Furthermore, the quality of OFMSW treated in biogas plants is also crucial for balanced performance of the biogas process, the technical feasibility of process and the use of residual/effluent as agricultural soil conditioner. Therefore, the costs associated with waste collection, sorting and pre-treatment should be considered [84].

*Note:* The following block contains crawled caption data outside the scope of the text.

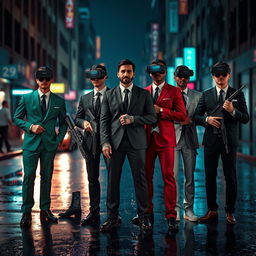 A captivating scene set in a dimly lit, dark urban street in a cyberpunk environment, featuring four Caucasian Mafia members in their 30s standing confidently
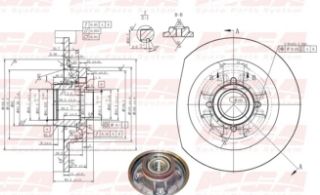FREN DISK ARKA RULMANLI 274-4 ( RENAULT: GRAND SCENIC LAGUNA II ) resmi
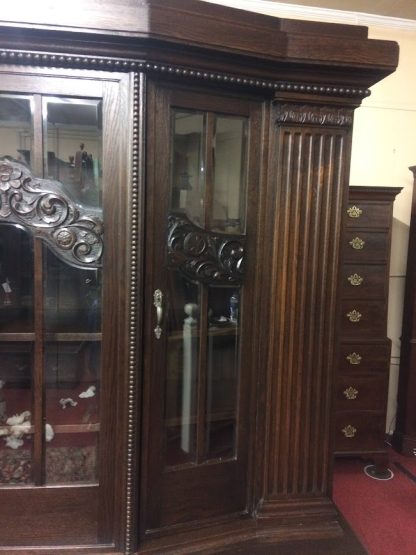 Monumental Antique Bookcase, Oak Bookcase Cabinet, Large Bookcase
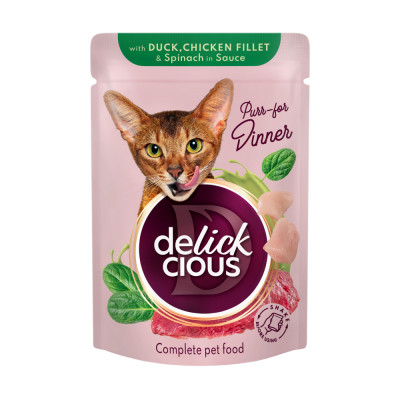 Вологий корм для кішок Delickcious Шматочки з качкою, курячим філе і шпинатом в соусі 85 г (4820269143142) Вінниця - фото 1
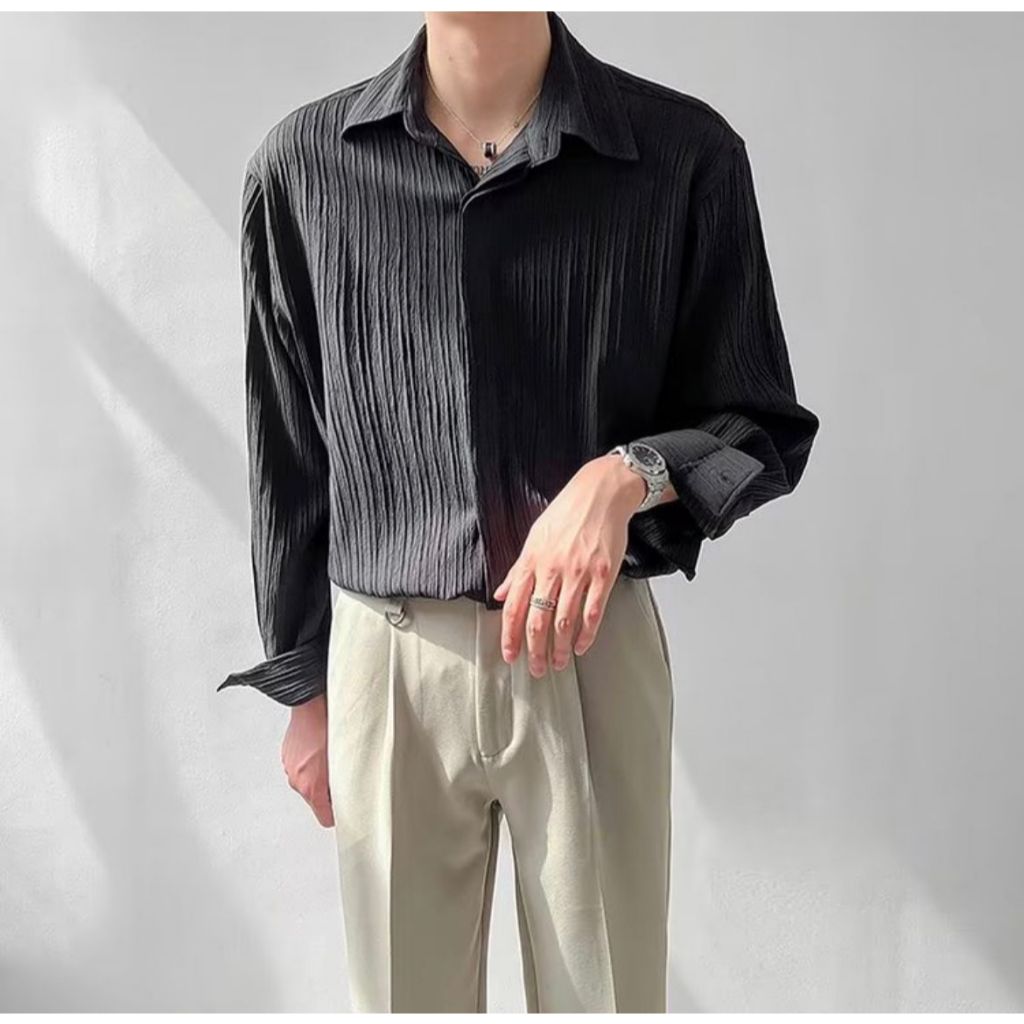 Kemeja Lengan Panjang Bahan Linen Korean Style Street Style Warna Hitam Putih Pria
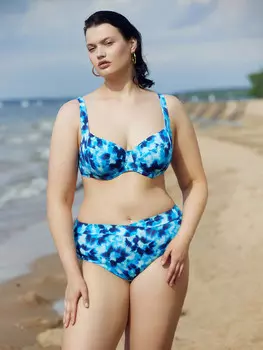 Трусы купальные женские синие в технике тай-дай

Currently, most of MSW in the U. S. are sent to composting as an alternative to landfill. This is because it is more difficult to treat OFMSW than treating wastewater or manure. In addition, the AD of OFMSW requires a large amount of investment and technological experience as well as a higher capital and operating cost than compositing and landfilling [82]. The relatively low gate fees for landfill in the U. S. and relatively low energy prices make AD difficult to be commercialized in the U. S compared to those in Europe [82]. However, in the UK, there is currently very little waste treatment using AD apart from the use of AD to treat sewage sludge and wastewaters [85].

However, LCA studies have shown that AD of MSW reduces environmental impacts and is more cost — effective (in Europe) on a whole system basis than composting or landfilling options [86, 87].